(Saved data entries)
+++++

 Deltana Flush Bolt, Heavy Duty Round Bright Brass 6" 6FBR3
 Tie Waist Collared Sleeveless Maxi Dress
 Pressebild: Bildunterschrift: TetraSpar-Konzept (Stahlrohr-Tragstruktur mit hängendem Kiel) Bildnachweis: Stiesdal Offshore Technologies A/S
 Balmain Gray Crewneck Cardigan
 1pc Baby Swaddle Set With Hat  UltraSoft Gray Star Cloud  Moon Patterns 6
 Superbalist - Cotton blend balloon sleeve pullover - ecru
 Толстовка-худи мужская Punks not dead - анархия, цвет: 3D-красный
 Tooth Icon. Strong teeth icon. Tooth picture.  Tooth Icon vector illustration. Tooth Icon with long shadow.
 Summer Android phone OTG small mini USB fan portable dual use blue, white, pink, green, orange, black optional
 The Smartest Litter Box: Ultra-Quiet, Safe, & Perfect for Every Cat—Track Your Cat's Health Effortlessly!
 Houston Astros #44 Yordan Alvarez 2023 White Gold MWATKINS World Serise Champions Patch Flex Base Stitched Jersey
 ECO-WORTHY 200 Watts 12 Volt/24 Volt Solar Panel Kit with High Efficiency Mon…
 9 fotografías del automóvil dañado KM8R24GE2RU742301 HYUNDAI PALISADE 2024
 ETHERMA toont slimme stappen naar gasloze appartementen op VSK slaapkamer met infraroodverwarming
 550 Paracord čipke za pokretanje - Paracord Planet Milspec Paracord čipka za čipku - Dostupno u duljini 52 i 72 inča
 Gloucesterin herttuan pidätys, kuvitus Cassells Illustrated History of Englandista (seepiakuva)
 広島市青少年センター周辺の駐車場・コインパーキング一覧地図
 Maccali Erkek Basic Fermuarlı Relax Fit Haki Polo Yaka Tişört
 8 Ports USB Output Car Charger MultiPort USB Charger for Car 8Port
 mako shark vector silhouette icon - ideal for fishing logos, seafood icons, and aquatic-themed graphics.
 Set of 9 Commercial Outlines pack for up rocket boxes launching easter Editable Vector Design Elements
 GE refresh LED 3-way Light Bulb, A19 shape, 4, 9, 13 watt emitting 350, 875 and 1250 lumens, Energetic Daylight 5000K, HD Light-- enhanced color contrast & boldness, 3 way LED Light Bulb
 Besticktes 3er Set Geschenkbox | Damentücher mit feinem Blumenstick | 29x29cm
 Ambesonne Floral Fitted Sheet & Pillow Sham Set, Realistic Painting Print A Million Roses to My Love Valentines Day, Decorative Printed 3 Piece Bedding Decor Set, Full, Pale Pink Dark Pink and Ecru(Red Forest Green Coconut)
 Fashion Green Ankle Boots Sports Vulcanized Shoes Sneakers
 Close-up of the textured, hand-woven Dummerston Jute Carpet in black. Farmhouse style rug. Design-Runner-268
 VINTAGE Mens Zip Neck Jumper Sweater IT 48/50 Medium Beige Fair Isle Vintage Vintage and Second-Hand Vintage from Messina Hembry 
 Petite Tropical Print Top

+++++

* _WORK INSTRUCTION_
Output the full set of entries exactly as they were given.

* _PROBLEM SOLUTION_
 Deltana Flush Bolt, Heavy Duty Round Bright Brass 6" 6FBR3
 Tie Waist Collared Sleeveless Maxi Dress
 Pressebild: Bildunterschrift: TetraSpar-Konzept (Stahlrohr-Tragstruktur mit hängendem Kiel) Bildnachweis: Stiesdal Offshore Technologies A/S
 Balmain Gray Crewneck Cardigan
 1pc Baby Swaddle Set With Hat  UltraSoft Gray Star Cloud  Moon Patterns 6
 Superbalist - Cotton blend balloon sleeve pullover - ecru
 Толстовка-худи мужская Punks not dead - анархия, цвет: 3D-красный
 Tooth Icon. Strong teeth icon. Tooth picture.  Tooth Icon vector illustration. Tooth Icon with long shadow.
 Summer Android phone OTG small mini USB fan portable dual use blue, white, pink, green, orange, black optional
 The Smartest Litter Box: Ultra-Quiet, Safe, & Perfect for Every Cat—Track Your Cat's Health Effortlessly!
 Houston Astros #44 Yordan Alvarez 2023 White Gold MWATKINS World Serise Champions Patch Flex Base Stitched Jersey
 ECO-WORTHY 200 Watts 12 Volt/24 Volt Solar Panel Kit with High Efficiency Mon…
 9 fotografías del automóvil dañado KM8R24GE2RU742301 HYUNDAI PALISADE 2024
 ETHERMA toont slimme stappen naar gasloze appartementen op VSK slaapkamer met infraroodverwarming
 550 Paracord čipke za pokretanje - Paracord Planet Milspec Paracord čipka za čipku - Dostupno u duljini 52 i 72 inča
 Gloucesterin herttuan pidätys, kuvitus Cassells Illustrated History of Englandista (seepiakuva)
 広島市青少年センター周辺の駐車場・コインパーキング一覧地図
 Maccali Erkek Basic Fermuarlı Relax Fit Haki Polo Yaka Tişört
 8 Ports USB Output Car Charger MultiPort USB Charger for Car 8Port
 mako shark vector silhouette icon - ideal for fishing logos, seafood icons, and aquatic-themed graphics.
 Set of 9 Commercial Outlines pack for up rocket boxes launching easter Editable Vector Design Elements
 GE refresh LED 3-way Light Bulb, A19 shape, 4, 9, 13 watt emitting 350, 875 and 1250 lumens, Energetic Daylight 5000K, HD Light-- enhanced color contrast & boldness, 3 way LED Light Bulb
 Besticktes 3er Set Geschenkbox | Damentücher mit feinem Blumenstick | 29x29cm
 Ambesonne Floral Fitted Sheet & Pillow Sham Set, Realistic Painting Print A Million Roses to My Love Valentines Day, Decorative Printed 3 Piece Bedding Decor Set, Full, Pale Pink Dark Pink and Ecru(Red Forest Green Coconut)
 Fashion Green Ankle Boots Sports Vulcanized Shoes Sneakers
 Close-up of the textured, hand-woven Dummerston Jute Carpet in black. Farmhouse style rug. Design-Runner-268
 VINTAGE Mens Zip Neck Jumper Sweater IT 48/50 Medium Beige Fair Isle Vintage Vintage and Second-Hand Vintage from Messina Hembry 
 Petite Tropical Print Top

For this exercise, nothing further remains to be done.